I have a table of >3,000 individual toxicology reports. The results include standalone drug results (ie 'thc' 'oxycodone' midazolam') as well as screening results for positive or negative (ie 'cannabinoids' 'benzodiazepines' 'opiates'). I need to remove screening elements for each observation (id) when the standalone drug is present with the screening result. But I also want to keep screening elements when standalone drug results are missing.
Here is what I HAVE:
id | drug1 | drug2 | drug3 | drug4 | drug5 |
001 | thc/carboxy-thc | cannabinoids | |||
002 | amphetamine | benzodiazepines | midazolam | ||
003 | cannabinoids | carboxy-thc | |||
004 | cannabinoids | hydromorphone | morphine | opiates | oxycodone |
005 | amphetamines | cannabinoids | thc | ||
006 | cannabinoids |
Here is what I WANT:
id | drug1 | drug2 | drug3 | drug4 | drug5 |
001 | thc/carboxy-thc | ||||
002 | amphetamine | midazolam | |||
003 | carboxy-thc | ||||
004 | cannabinoids | hydromorphone | morphine | oxycodone | |
005 | amphetamines | thc | |||
006 | cannabinoids |
Here is a sample of the data:
data have; infile datalines truncover; informat id $5. drug1-drug5 $40.; input id drug1 drug2 drug3 drug4 drug5; datalines; 001 thc/carboxy-thc cannabinoids 002 amphetamine benzodiazepines midazolam 003 cannabinoids carboxy-thc 004 cannabinoids hydromorphone morphine opiates oxycodone 005 amphetamines cannabinoids thc 006 cannabinoids ;
I started to attempt an array, but have limited experience and couldn't resolve:
data want; set have end=done; array p(*) drug1-drug5; array druglist(5) $40; do i=1 to dim(p); if p(i) in ('thc' 'carboxy-thc' 'thc/carboxy-thc') then druglist(i)= ; end;
Thanks!
You need to create the data to drive the analysis.
So first let's make an example dataset for mapping the DRUG to the CLASS.
data classes ;
input drug :$40. class :$40.;
cards;
thc/carboxy-thc cannabinoids
thc cannabinoids
carboxy-thc cannabinoids
amphetamine benzodiazepines
morphine opiates
;
Now let's run a data step that loads that dataset into an HASH object so we can use it to convert the drug into the class. You could also do that part using a format instead.

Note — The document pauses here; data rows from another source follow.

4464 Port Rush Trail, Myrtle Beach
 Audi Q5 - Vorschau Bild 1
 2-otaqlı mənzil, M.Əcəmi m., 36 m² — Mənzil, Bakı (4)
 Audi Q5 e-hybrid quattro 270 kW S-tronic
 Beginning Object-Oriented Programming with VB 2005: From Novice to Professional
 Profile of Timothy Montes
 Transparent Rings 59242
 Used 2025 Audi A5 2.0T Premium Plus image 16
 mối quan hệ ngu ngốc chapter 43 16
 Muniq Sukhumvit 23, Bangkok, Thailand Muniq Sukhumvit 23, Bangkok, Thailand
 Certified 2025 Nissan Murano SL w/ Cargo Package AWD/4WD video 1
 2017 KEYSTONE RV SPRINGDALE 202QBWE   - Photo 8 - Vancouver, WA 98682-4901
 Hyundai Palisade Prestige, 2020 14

So for each element in the array of drugs we check if it has a CLASS associated with it. Then we blank out any values of the values in the array that have that class name as the drug name.
data want ;
set have classes(obs=0) ;
if _n_=1 then do;
declare hash h(dataset:'classes');
rc=h.definekey('drug');
rc=h.definedata('class');
rc=h.definedone();
end;
array drugs drug1-drug5 ;
do index=1 to dim(drugs);
if not h.find(key:drugs[index]) then do;
next = whichc(class,of drugs[*]);
do while (next) ;
drugs[next]=' ';
next = whichc(class,of drugs[*]);
end;
end;
end;
drop rc drug class index next;
run;
Note this REQUIRES that you have the mapping.
It also will not work (without additional logic) if the DRUG name of some drug happens to match the CLASS name of some drug class.
If you know there are never any duplicate names in the variables in the array, that is you will never have 'cannibis' in more than one of the DRUG1 to DRUG5 variables, then you can reduce the inner most DO WHILE loop to a simple IF/THEN instead.
if next then drugs[next]=' ';
You are going to have to provide some details of why cannabinoids is removed for ID3 in drug1 but not for ID4.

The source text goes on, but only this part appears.